§ **PROBLEM DETAILS**: Starting with the line that has "Syria فري برس" in the records below and ending with the line that has "Слідом за Сенцовим", output those lines exactly and nothing more; omit the pictures.

§ **PROVIDED DATA**:

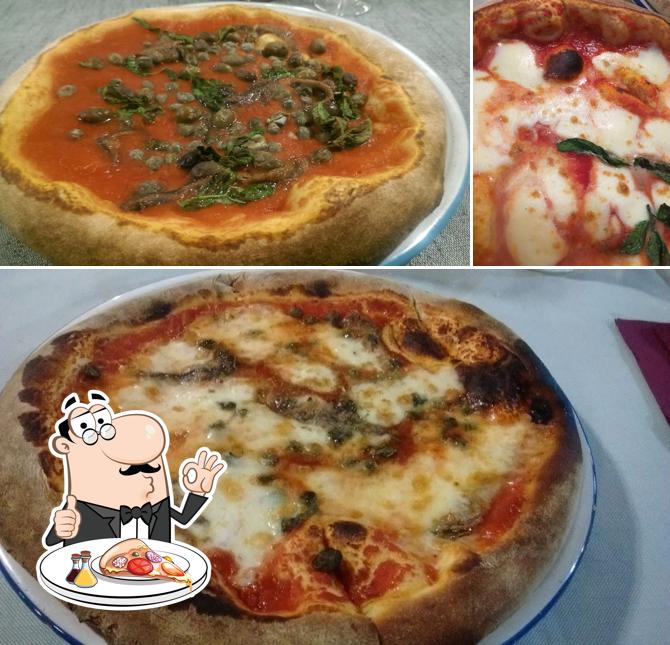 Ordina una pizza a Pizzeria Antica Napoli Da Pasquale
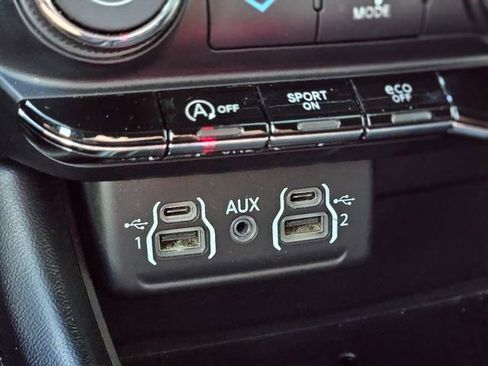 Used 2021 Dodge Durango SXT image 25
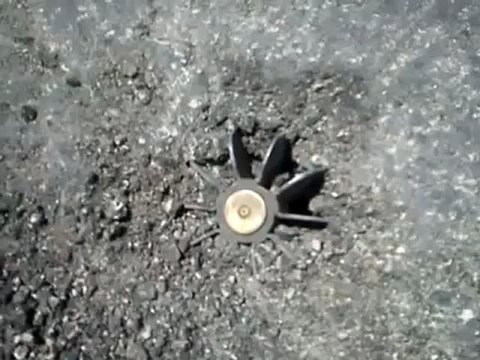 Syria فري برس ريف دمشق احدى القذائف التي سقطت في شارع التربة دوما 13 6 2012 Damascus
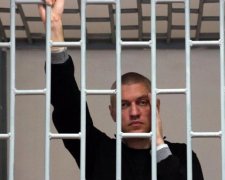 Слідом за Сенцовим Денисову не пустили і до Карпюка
--
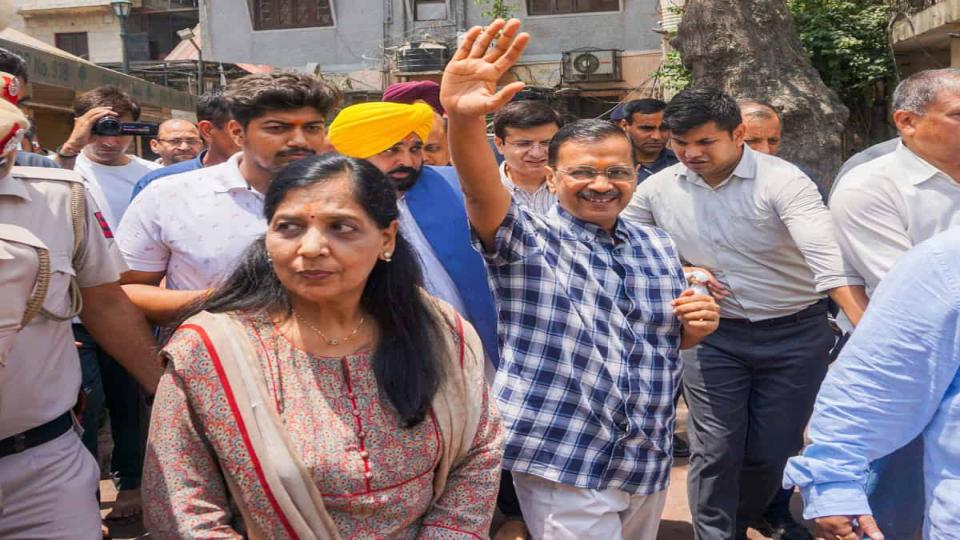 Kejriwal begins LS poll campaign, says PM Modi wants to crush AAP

§ **THE ANSWER**:
 Syria فري برس ريف دمشق احدى القذائف التي سقطت في شارع التربة دوما 13 6 2012 Damascus
 Слідом за Сенцовим Денисову не пустили і до Карпюка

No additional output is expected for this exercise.